One in particular though, is a “hot” topic right now — homosexuality, or whatever acronyms that are used to describe some facet of it. No matter how we “frame” it, it is still sin. To give time, resources, and so much explanation as so many have to sin, serves only to propagate the lie that deceives us into negating the power of Christ’s death on the cross to overcome ALL sin. The lie says we (people) can save others — that we (people) shouldn’t leave any behind — that we (people) are responsible if people die damned in their sin.

We ALL sin and fall short of the glory of God – Rom 3:23.

That’s exactly why He sent His son, but what I can’t understand is why we (people) spend so much time trying to understand cause and effect of sin (all kinds) when the bible says sin is the result of the fall. There are so many discussions, books, and speakers on sin, that all they do is blunt the true, wicked nature that we all have. Rom 3:10 says NONE are righteous, not even one.

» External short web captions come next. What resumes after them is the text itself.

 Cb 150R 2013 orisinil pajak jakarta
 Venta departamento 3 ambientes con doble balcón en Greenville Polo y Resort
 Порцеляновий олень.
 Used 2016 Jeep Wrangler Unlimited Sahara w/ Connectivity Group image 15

The bible is sufficient for all people no matter what our struggles are. We don’t need to be told from the pulpit or in books the how’s, the why’s, the what to do’s about sin. Jer 17:9 says our hearts are desperately sick and we can’t understand it.

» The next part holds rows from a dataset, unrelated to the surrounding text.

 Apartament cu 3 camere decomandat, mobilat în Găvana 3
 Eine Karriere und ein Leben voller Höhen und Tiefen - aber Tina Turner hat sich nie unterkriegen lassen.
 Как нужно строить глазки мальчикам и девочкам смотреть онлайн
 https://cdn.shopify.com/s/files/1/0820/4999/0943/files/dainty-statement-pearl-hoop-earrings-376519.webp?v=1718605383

If we really believe that God is who He says He is and His son’s blood is the atonement for our sins, then He alone can release us from the bondage of our sin. The more we try to manage, work through, and survive our sin or help others with theirs, the more we take power away from Christ’s sacrifice on the cross. We don’t save people. We can’t even save ourselves – Christ alone does – Eph 2: 8-9.

When we allow the Holy Spirit to change us, we love as Christ loved and He abides in us — I Jn 4:16, but if we feel awkward, repulsed, or judgmental in being with other sinners, that is a work we need to ask the Holy Spirit to change in us. It’s personal. We all work out our salvation with fear and trembling – Phil 2:12-13.

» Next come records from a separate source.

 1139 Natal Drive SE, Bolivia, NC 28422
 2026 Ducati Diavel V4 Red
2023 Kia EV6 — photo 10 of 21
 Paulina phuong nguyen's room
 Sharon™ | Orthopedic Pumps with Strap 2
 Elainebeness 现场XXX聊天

When the Holy Spirit dwells in us, it does the work of changing our lives – John 4:10. Can we just go back to the bible and believe that IT is sufficient for teaching, reproving, correction, and instruction for our lives.- 2 Tim 3:16.

This isn’t just my opinion, this is what the bible says.

I’m praying today that churches will go back to the bible and let our LORD, Jesus Christ, do the work of saving souls. The more time and effort we give to understanding sin, the more time and effort is taken away from sharing God’s truth to the very ones who need to hear it.

Let’s let the word of God and the power of the cross change people’s lives.

Trusting God in all things and if you must stone me, at least try to hit the basket. I can use the stones to shore up my path – Ps 119:105.

Sorry. Bad believer humor. I know.


The slave vs. the servant:

Do you know the difference?

I had en ephiphany this morning. Some months ago, I read the book Redemption by Mark Driscoll, which by the way, I won’t recommend reading, but will elaborate on why later on in this blog.

One of the key ideas in the book, is that we are slaves to our “idols” (distractions that keep us from full relationship with God) much like the Israelites in the book of Exodus. The book says that we need to get rid of our idols and become “slaves” to righteousness.

As a mature Christian, I understand what Mark means, but the word “slave” never set well with me because the word has a negative connotation.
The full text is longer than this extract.